Reading Between the Tweets: Deciphering Ideological Stances of Interconnected Mixed-Ideology Communities
This work addresses the challenge of deciphering complex ideologies in interconnected mixed-ideology communities for researchers and practitioners in NLP and social science, representing an incremental improvement over prior methods that treat groups as separate.
The paper tackled the problem of understanding nuanced ideological stances in online communities by studying Twitter discussions of the 2020 U.S. election, introducing a method that uses message passing during LM fine-tuning to probe ideologies, resulting in higher alignment with real-world survey results compared to existing baselines.

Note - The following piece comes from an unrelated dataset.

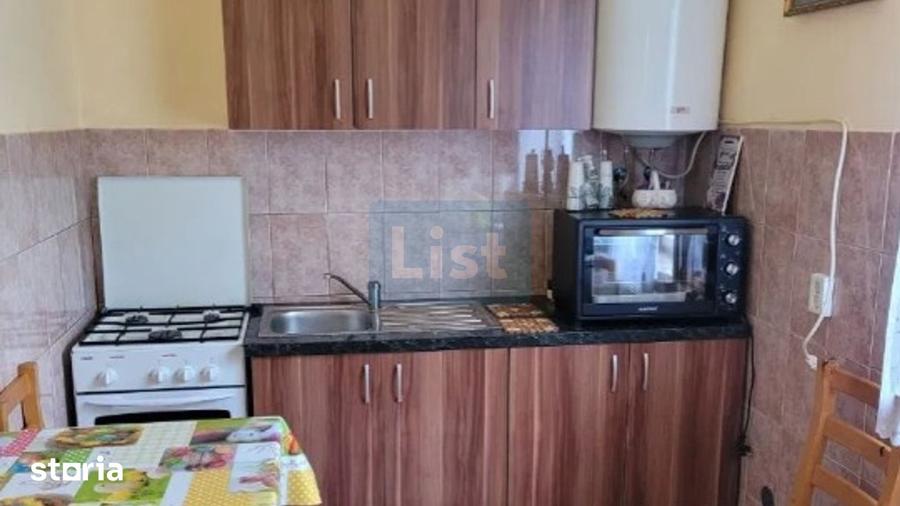 Casă cu 5 camere cu Teren 2000 Mp în Răstolița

Recent advances in NLP have improved our ability to understand the nuanced worldviews of online communities. Existing research focused on probing ideological stances treats liberals and conservatives as separate groups. However, this fails to account for the nuanced views of the organically formed online communities and the connections between them. In this paper, we study discussions of the 2020 U.S. election on Twitter to identify complex interacting communities. Capitalizing on this interconnectedness, we introduce a novel approach that harnesses message passing when finetuning language models (LMs) to probe the nuanced ideologies of these communities. By comparing the responses generated by LMs and real-world survey results, our method shows higher alignment than existing baselines, highlighting the potential of using LMs in revealing complex ideologies within and across interconnected mixed-ideology communities.